The other dark aspects felt like they fit in with the storyline, but that they weren’t resolved well. There are a few more villains in the game that have no real motivation. That’s not a huge problem since few stories do a decent job motivating their villains, but the game just felt like it was throwing them in to be dark. It seemed to explore a handful of themes and lessons, but it didn’t follow them through. It also tacked on some message about being friendly to the environment, except it never followed up on it and sort of just tossed it in there. Pollution is bad, now let’s go fight a magician? It felt like it was trying to be dark to justify why an adult would buy it, but failed to explore any of these things to an extent where an intelligent adult would take anything from them.
With its story and puzzles frustrating me, the game did have some diversions to keep me busy. It had its own card game that appears after a few hours, and it’s not that bad. It’s nothing even close to my Triple Triad obsession from Final Fantasy VIII, but Quartet is still fuun. You can challenge several other characters in the game to play, and the object is to build up groups of four cards of the same suit in your hand. The game has eight sets of four cards, and you can ask your opponent for a card on your turn. If they have the card you asked for, you get the card and can keep asking. It starts off as a guessing game, but as you keep track of what your opponent hasn’t had and what he is asking you for during his turn, you get a feel for what cards you can get. It’s a fun little diversion for when you’re losing your temper, but nothing I spent much time with.

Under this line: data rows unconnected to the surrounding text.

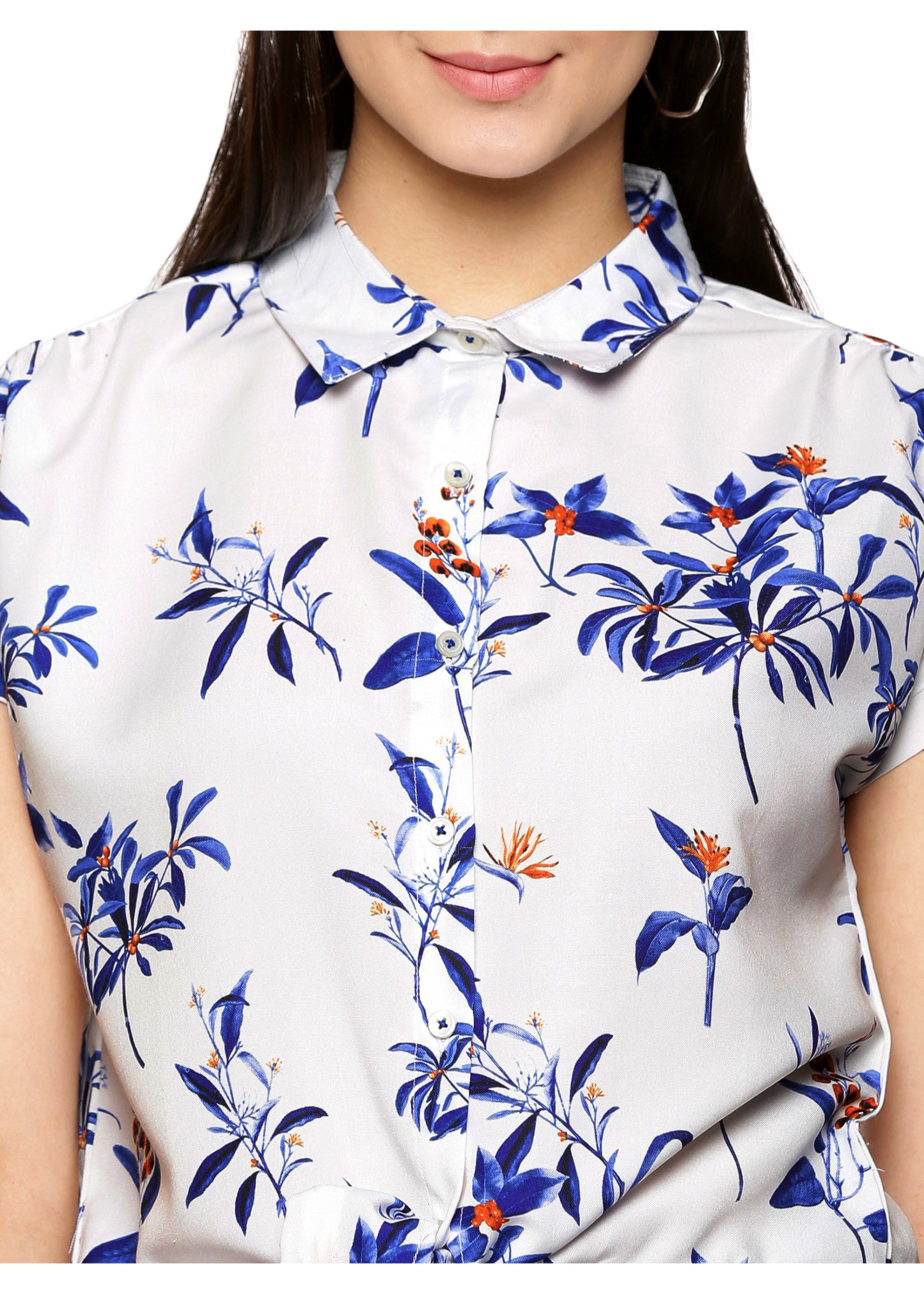 Ivory Front Knot Women Shirt - Tusok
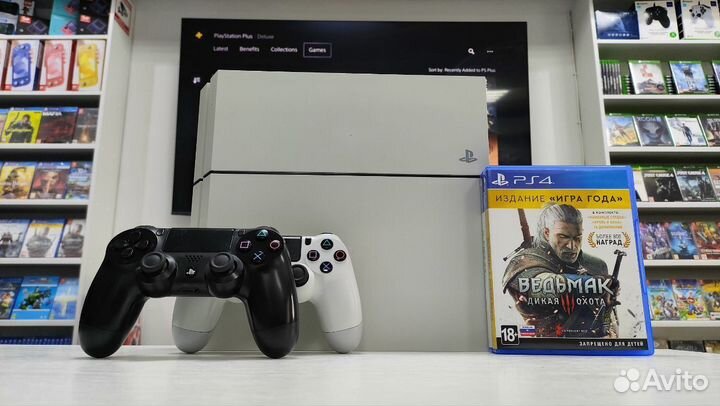 PS4 + 2 геймпада + Fifa 23 и Ведьмак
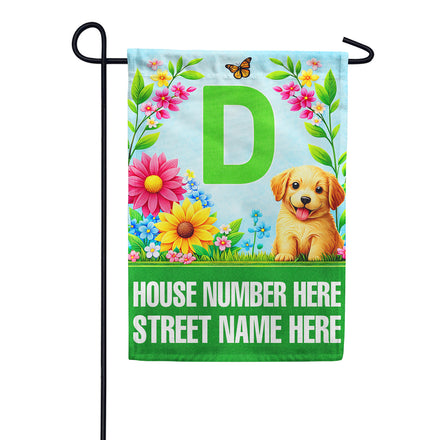 America Forever Personalized Address Sign Spring Puppy Floral Monogram Garden Flag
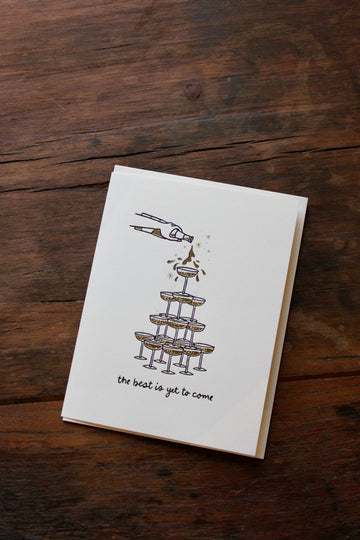Champagne Tower, Letterpress and Foil Wedding Greeting Card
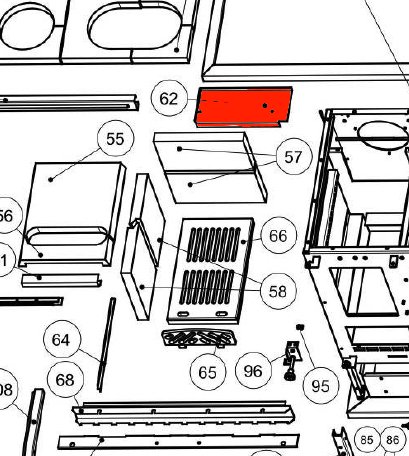 Wamsler W1-75 fixation pierre de paroi de fond B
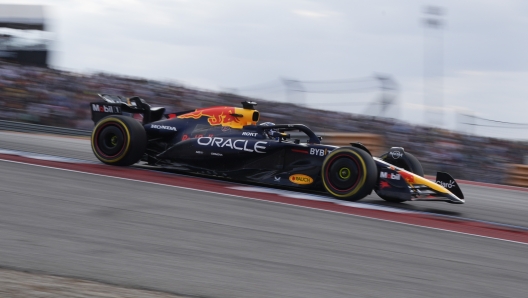 Red Bull driver Max Verstappen, of the Netherlands, steers out of a turn during a sprint qualifying session for the Formula One U.S. Grand Prix auto race at Circuit of the Americas, Friday, Oct. 18, 2024, in Austin, Texas. (AP Photo/Eric Gay)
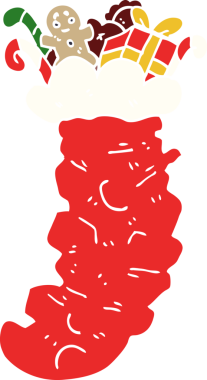 Bir insan tarafından çizilmiş oyuncaklarla doldurulmuş karalama Noel çorapları.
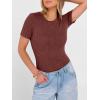 image:imageANRABESS Womens Tops Short Sleeve Crewneck Shirts Slim Fit Ribbed Knit Lightweight Sweater 2026 Summer Dressy Casual TShirtsRust Orange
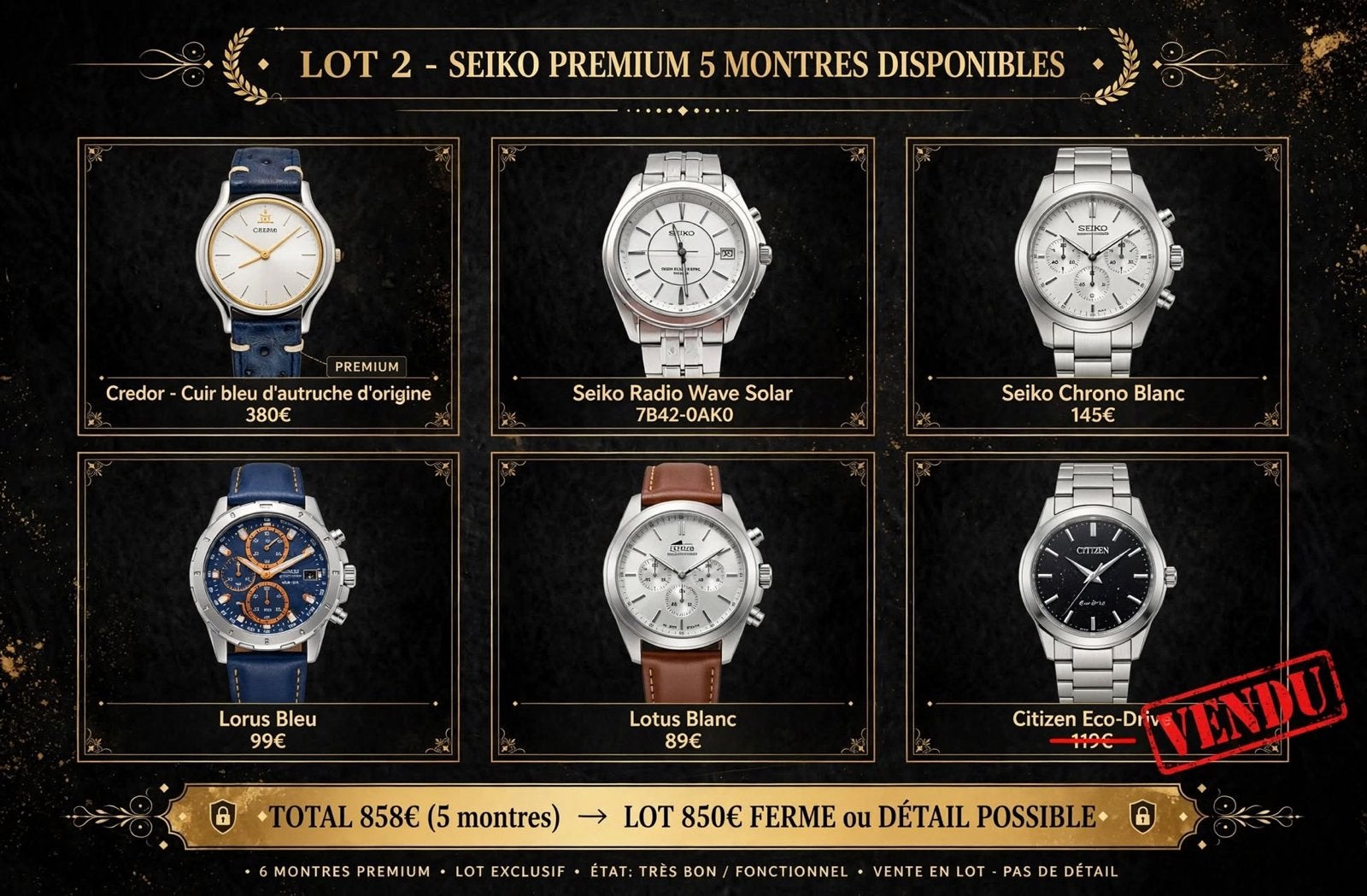 Lot de seiko plus premium, Staal, Staal, Citizen, Ophalen of Verzenden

While you’re clicking around the environment looking for the one item that will solve the puzzle, you may find one of the game’s collectibles. There are hidden dewdrops, stickers, Quartet cards, and stories all kicking around the environment in some way. Using the item that highlights clickable things won’t show you where they are, so instead you’ll be stuck looking around the environment for them yourself. It’s kind of nice to have them at times as you click around an area while looking for something as it makes returning to the same areas over and over again a little easier, but they don’t actually do much of anything. It was a nice gesture, but it’s not like you’re going to unlock some secret weapon.
I wanted to like The Night of the Rabbit more than I actually did like it. The puzzles rarely give you any satisfaction; often bleeding into more puzzles and providing continual frustration even for a point-and-click game. The storyline can’t keep its tone straight, and despite having a lot of charm feels like it’s trying too hard to be dark when it never needed to be. I loved the artwork and music, but really felt like a game that was more in keeping with the childish world those things set up would have been more fun to play. The game is definitely interesting and worth your time, but it really could have been better if it had stuck to one core audience.